DATA LISTING »
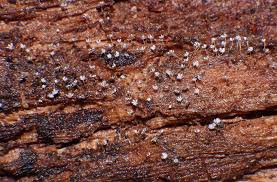 Attēlu rezultāti vaicājumam “Didymium difforme spores”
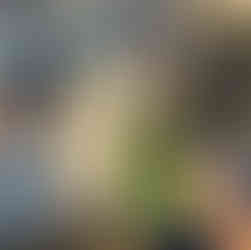 בניית צעצועים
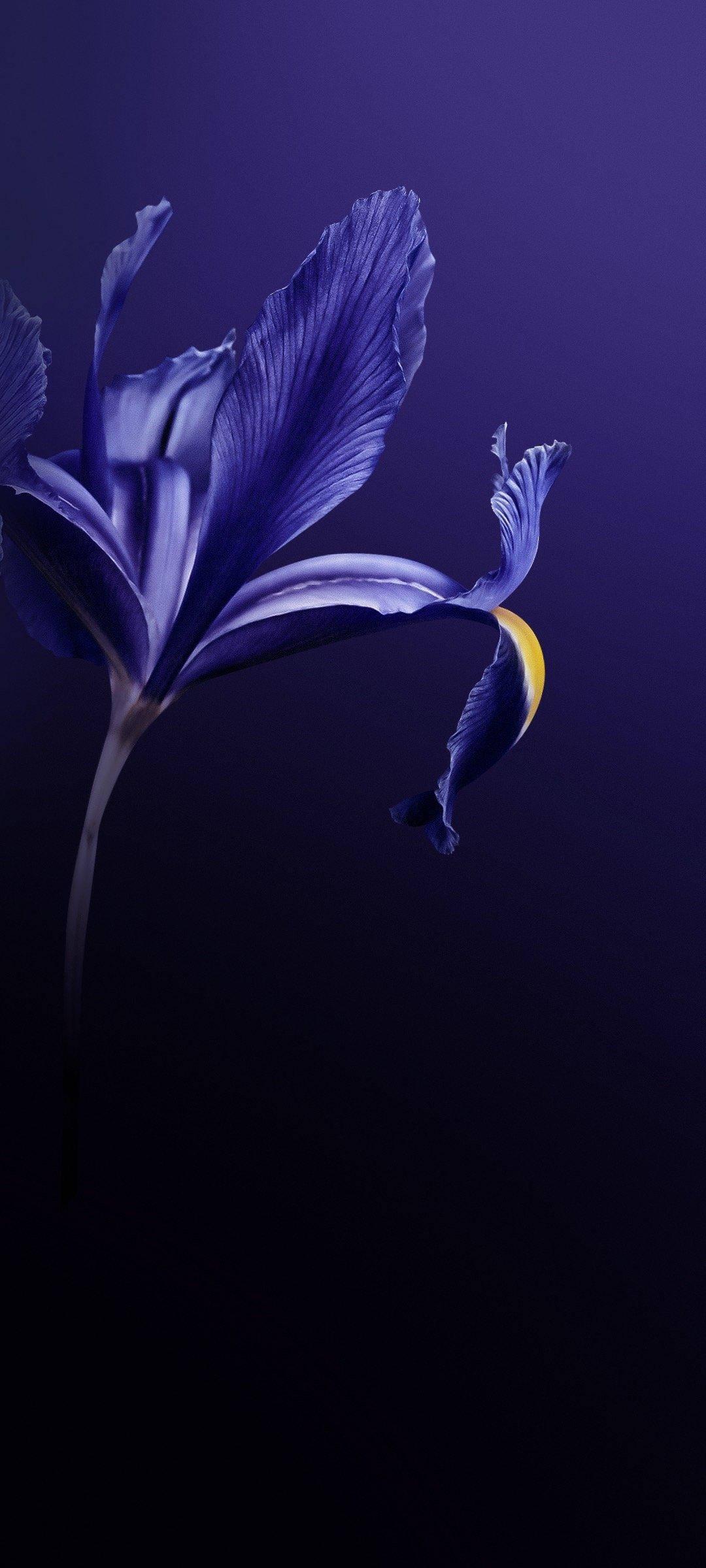 Vivo V20 Purple Flower — 1080x2400 wallpaper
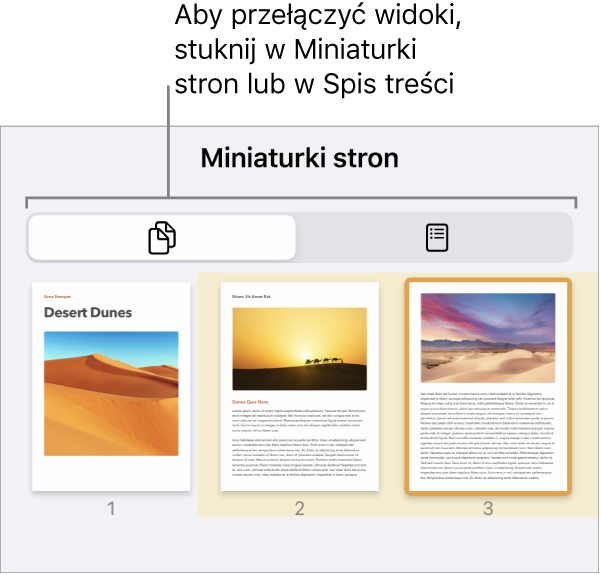 Widok miniaturek stron zawierający miniaturki każdej strony. Na dole ekranu widoczny jest przycisk Miniaturki stron oraz przycisk Spis treści.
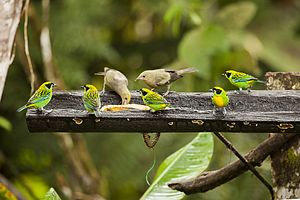 746 especies de aves en la provincia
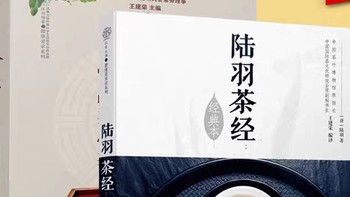 2024年我与茶艺的不解之缘，从入门到精通的每一步心得分享。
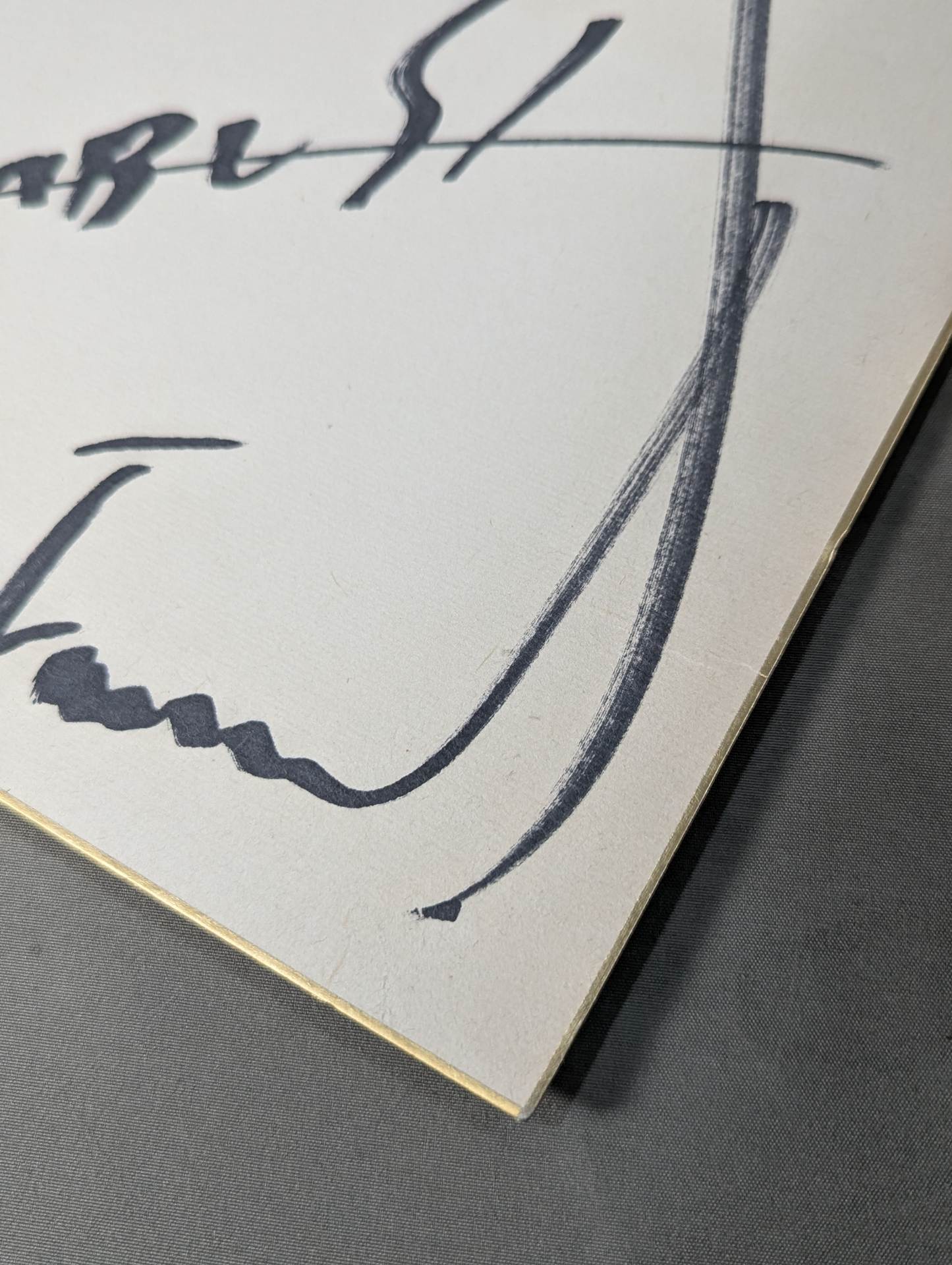 HAYABUSA  (photo attached)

EXERCISE PROMPT »
Working from the line that contains "בניית צעצועים" to the last line of the listing, please quote each line exactly, pictures excluded.

ANSWER FOR THE TASK »
 בניית צעצועים
 Vivo V20 Purple Flower — 1080x2400 wallpaper
 Widok miniaturek stron zawierający miniaturki każdej strony. Na dole ekranu widoczny jest przycisk Miniaturki stron oraz przycisk Spis treści.
 746 especies de aves en la provincia
 2024年我与茶艺的不解之缘，从入门到精通的每一步心得分享。
 HAYABUSA  (photo attached)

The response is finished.